Friday, January 28, 2011

Make Money on Hot Penny Stocks Without Becoming a Bagholder





Shares in publicly traded companies that have a price of less than one dollar are considered penny stocks. Shares priced slightly higher, up to $5, are sometimes lumped in this category, and often trade in a similar manner to their lower priced counterparts.
Since fewer investors are interested in lower priced stocks for long term investment, they often trade with less volume than larger companies that are followed by analysts and are listed on major exchanges.

How Penny Stocks Trade

These stocks are likely to trade in a narrow range for large periods of time.

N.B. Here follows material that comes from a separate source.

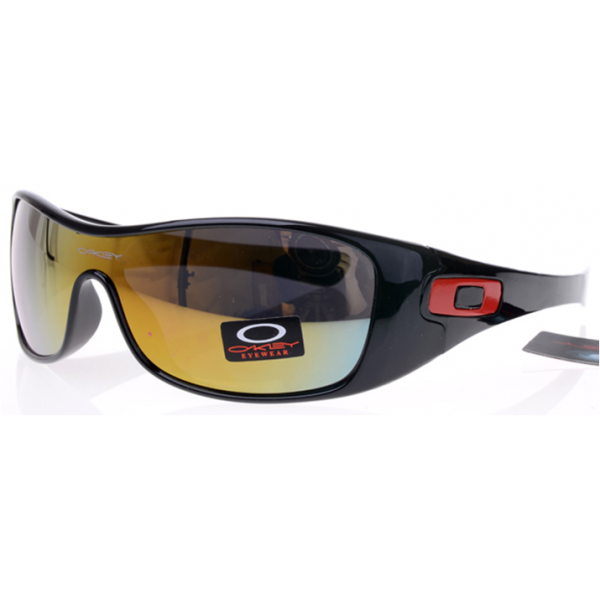 Knockoff Oakley Hijinx II Sunglasses UK Outlet Store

Penny stocks almost never provide a dividend, so funds invested in them can be considered “dead money.”
Occasionally, if these stocks attract interest, they will “pop” that is, the price will jump by a large amount, at least large in comparison to the price. A 10 cent move in a one dollar stock may not seem like much, but it is 10%, which is comparable to a $10 move in a $100 stock.

Avoid Being a Bagholder

It is not rare for a penny stock to double or triple in a short amount of time. The difficulty for a new investor to the stock is to know when a move is over. Penny stocks often double and then quickly return to their former price, or lower. Knowing when and how to sell a penny stock is important to maintain profits.
People who buy in late will see the stock drop, rather than continue to rise. These investors will be called bagholders by others. They are “left holding only the bag” while the fast money walks away with the profits.

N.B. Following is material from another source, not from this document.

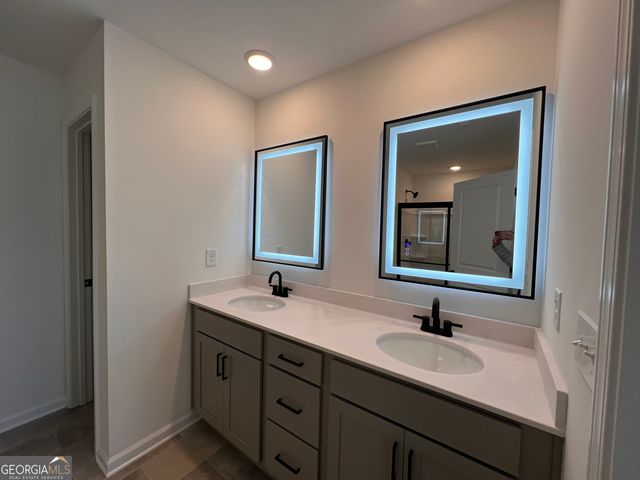 26 Nickel Drive 12, Newnan, GA 30265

What Creates a Hot Penny Stock?

Since they have a low price and relatively low daily trading volume, many things can drive changes in penny stock prices:
  • News – Any type of news can result in a change in price. If a company issues a new product, or a competitor enters the market. Quarterly financial statements: or other press releases can result in attention. News from the FDA on biotech companies can move a stock significantly.
  • Rumors – Since volume is generally low, a well-placed rumor can move the stock price. Especially is the rumor is from a normally credible source. Penny stocks are subject to manipulation. Illegal manipulation is subject to punishment by SEC, but enforcement is difficult and may take years. The movie “Boiler Room” shows a fictional example of illegal manipulation.

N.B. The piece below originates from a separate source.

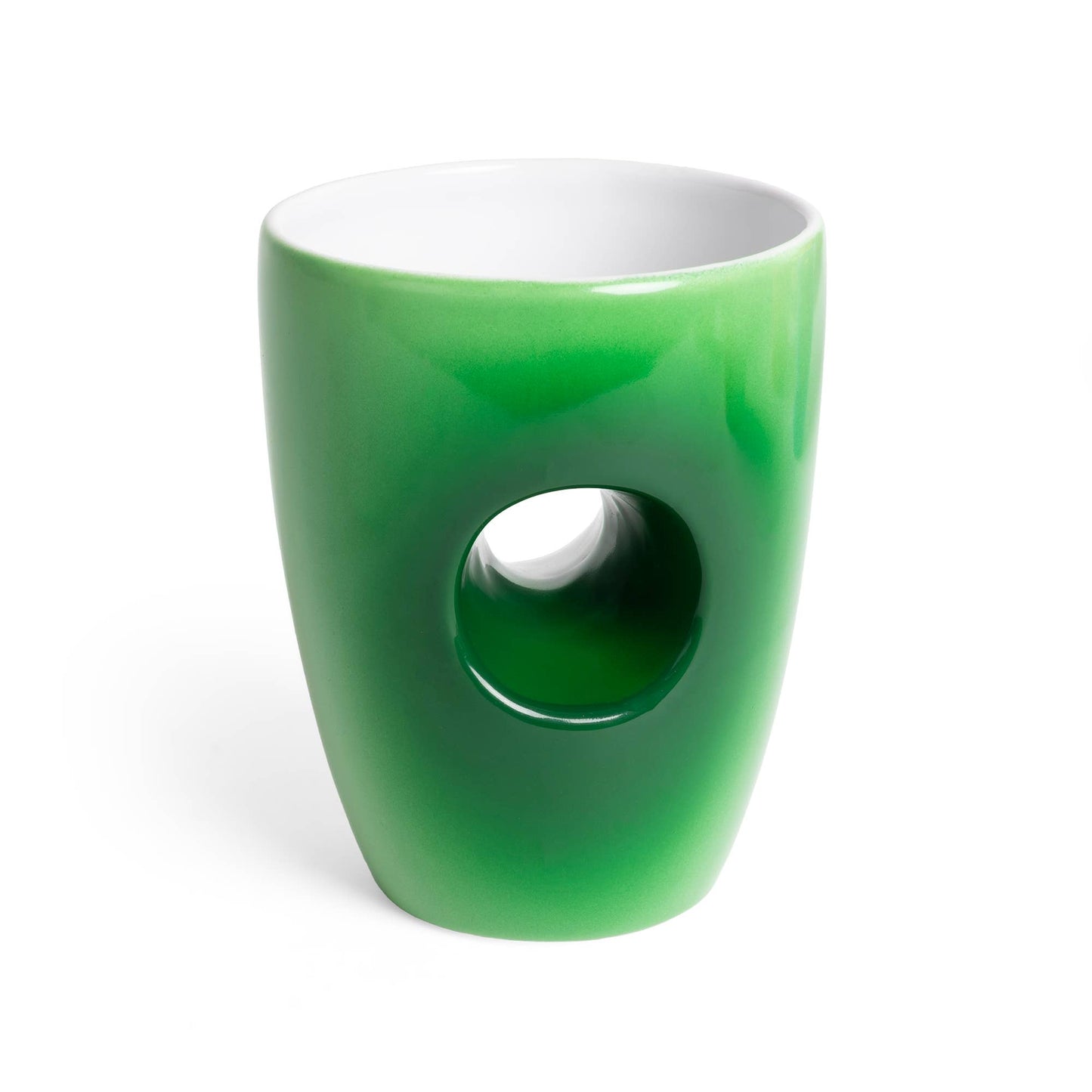 AIR HAND WARMER MUG HF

When to Sell a Hot Penny Stock?

There is no sure-fire method of identifying when a stock has hit a peak, but these are warning signs:
  • Sell the news: Penny stocks that have run up in anticipation of a news event do often drop after the news becomes official.
  • A spike in volume: Volume is heaviest during the run up, as traders buy and sell to take advantage of each small move with large trades. As volume declines, the price will fall slowly, but surely over several days. There may be brief moves up, as traders test for any opportunity.
  • Newbies rush in: Watch message boards for signs that inexperienced traders have bought because of the price increase, who have no idea of company behind the stock. These novices are usually the last in, and become the bagholders.
Avoid Big Losses when Buying Penny Stocks
Hot penny stocks can become cold very quickly, and investors that are not nimble can be stuck with a stock that is dropping in price and does not have a reason to resume an upward move. Knowing when to sell a penny stock is just as important as knowing when to buy.